Certo i tentativi di fargli cambiare idea si moltiplicheranno nei prossimi 4 giorni – dalla petizione di Iv al tentativo del Pd di “ricompattare” la larghissima maggioranza – ma una volta constata la definitiva indisponibilità la parola spetterà a Mattarella.

Elezioni anticipate il 2 o il 9 ottobre, il tam tam tra deputati e senatori, che nei capannelli ammettono con sconforto che oramai non si intravedono davvero spiragli per un esito diverso. L’ipotesi di un “traghettatore”, magari l’attuale ministro dell’Economia Daniele Franco, su cui pure sarebbero stati sondati i partiti, per arrivare almeno a fine anno e mettere in sicurezza i conti, non avrebbe trovato sostegno tra le forze politiche.
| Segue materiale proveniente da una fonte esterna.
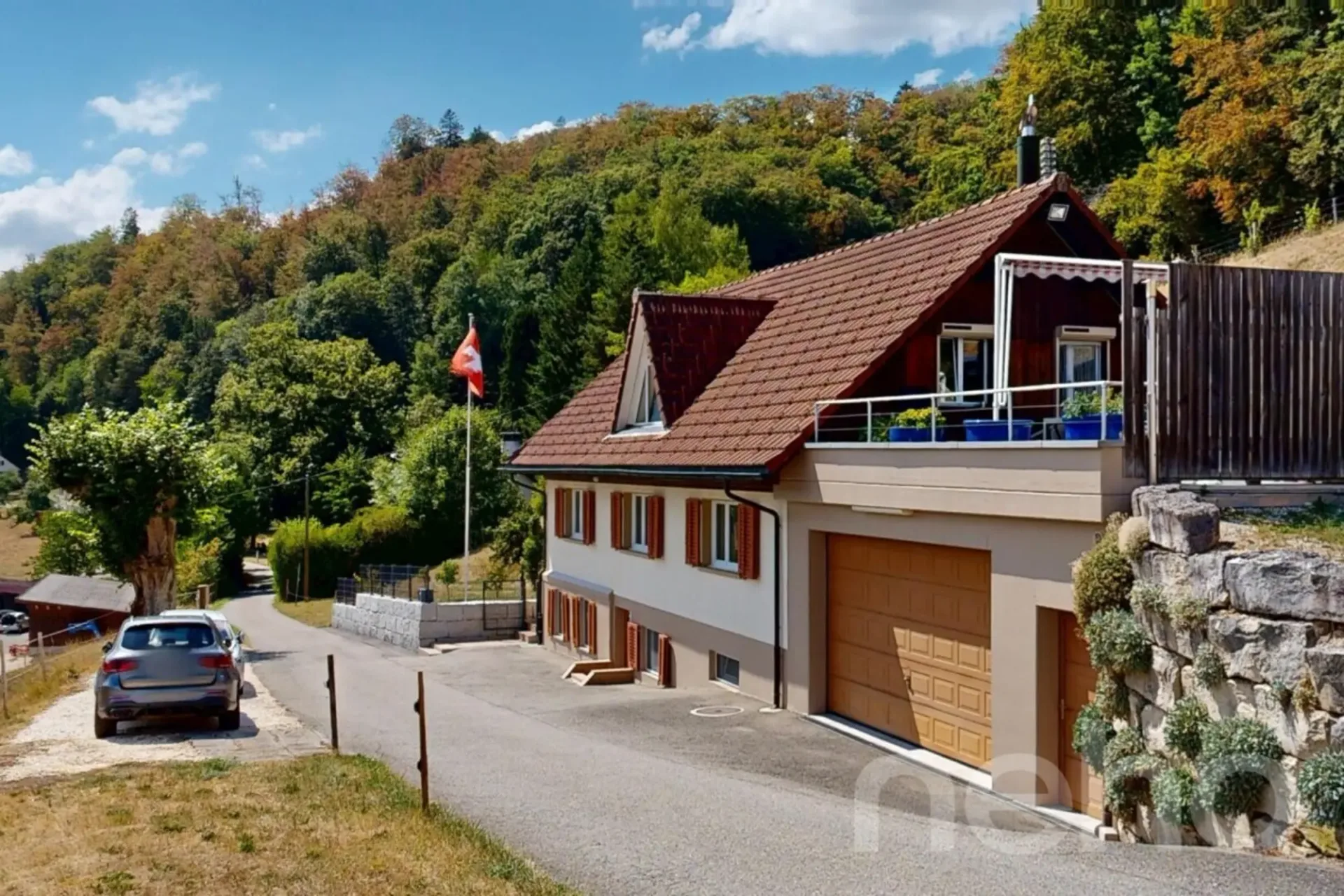 Einfamilienhaus mit viel Platz, Umschwung und freier Aussicht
“Se non ci è riuscito Draghi – osserva più di un parlamentare – impossibile che ce la faccia Franco, nessuno ci starebbe”. Avere Draghi fino all’autunno, osserva un senatore, resta comunque una “garanzia”. Per andare al voto e correre poi per avere Camere e governo nel pieno delle funzioni almeno attorno alla metà di novembre. E consentire così di varare la manovra, anche “light”, e scongiurare l’esercizio provvisorio.